Yesterday, it was reported that the armed SRO arrived at the building as the shooting was taking place, and did not go in to confront the shooter.
The local chief/sheriff was really going off on this, maintaining that the officer should have gone in to stop the carnage. (The guy, of retirement age, evidently quit)
Now, I’ve been to a lot of “active shooter” training over the years, and the paradigm of all the training has been NOT to go in alone. The ideal is 3-4 officers going in using a “diamond formation” small-unit tactics exactly as the military does.
Two officers would be a bare minimum. One pistol-armed officer going up against a suspect with an AR would have been at a severe disadvantage at best
Sounds to me like the guy was simply following existing protocol, rather than being cowardly.

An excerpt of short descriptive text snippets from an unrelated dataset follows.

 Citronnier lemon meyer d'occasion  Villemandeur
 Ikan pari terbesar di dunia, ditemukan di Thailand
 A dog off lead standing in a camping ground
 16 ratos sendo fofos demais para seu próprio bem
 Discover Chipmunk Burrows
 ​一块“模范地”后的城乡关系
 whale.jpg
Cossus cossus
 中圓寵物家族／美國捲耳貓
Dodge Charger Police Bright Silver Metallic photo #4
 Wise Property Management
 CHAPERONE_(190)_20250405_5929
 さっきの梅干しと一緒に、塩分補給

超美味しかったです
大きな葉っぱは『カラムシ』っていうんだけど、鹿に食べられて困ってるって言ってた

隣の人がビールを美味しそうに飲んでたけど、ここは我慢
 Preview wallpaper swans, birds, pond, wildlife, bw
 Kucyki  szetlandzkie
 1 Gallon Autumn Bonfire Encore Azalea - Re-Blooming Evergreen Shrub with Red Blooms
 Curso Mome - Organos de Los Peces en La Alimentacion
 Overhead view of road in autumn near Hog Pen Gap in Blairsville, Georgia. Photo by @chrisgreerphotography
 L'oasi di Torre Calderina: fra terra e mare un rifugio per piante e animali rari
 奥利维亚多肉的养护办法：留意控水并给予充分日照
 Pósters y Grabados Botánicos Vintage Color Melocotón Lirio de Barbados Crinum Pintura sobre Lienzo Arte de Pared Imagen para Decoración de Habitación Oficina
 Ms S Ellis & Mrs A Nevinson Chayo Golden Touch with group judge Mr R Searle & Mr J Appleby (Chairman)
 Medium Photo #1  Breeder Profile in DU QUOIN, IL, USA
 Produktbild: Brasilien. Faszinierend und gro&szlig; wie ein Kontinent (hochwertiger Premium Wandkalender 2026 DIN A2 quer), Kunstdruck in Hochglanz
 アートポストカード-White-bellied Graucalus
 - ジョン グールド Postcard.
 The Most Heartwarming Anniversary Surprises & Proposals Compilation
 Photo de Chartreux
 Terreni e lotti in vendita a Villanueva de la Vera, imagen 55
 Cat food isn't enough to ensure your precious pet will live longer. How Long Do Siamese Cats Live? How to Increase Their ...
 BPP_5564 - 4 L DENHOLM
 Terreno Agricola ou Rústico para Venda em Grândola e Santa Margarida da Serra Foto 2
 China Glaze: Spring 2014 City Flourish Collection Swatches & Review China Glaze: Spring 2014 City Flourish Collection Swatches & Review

I'm not in LE, but I'm under the impression that what you describe is ideal. I thought the prevalent tactic was for whomever arrives on the scene of an active shooter, even if one, is to confront the shooter. That does not mean be a gladiator, but seeking out the shooter using concealment as appropriate. This is based on the evidence that mass shooters will panic and stop once there is resistance, even if it is not overwhelming. Is that not the current philosophy on the best tactic?
I'm not advocating certain death for by being stupid about it, but using as much concealment and cover as possible to get within range with a handgun realizing that a handgun opposed to a rifle is very risky seems to be the prominent thought. Is this not true?
These folks are paid to do a job and they are armed.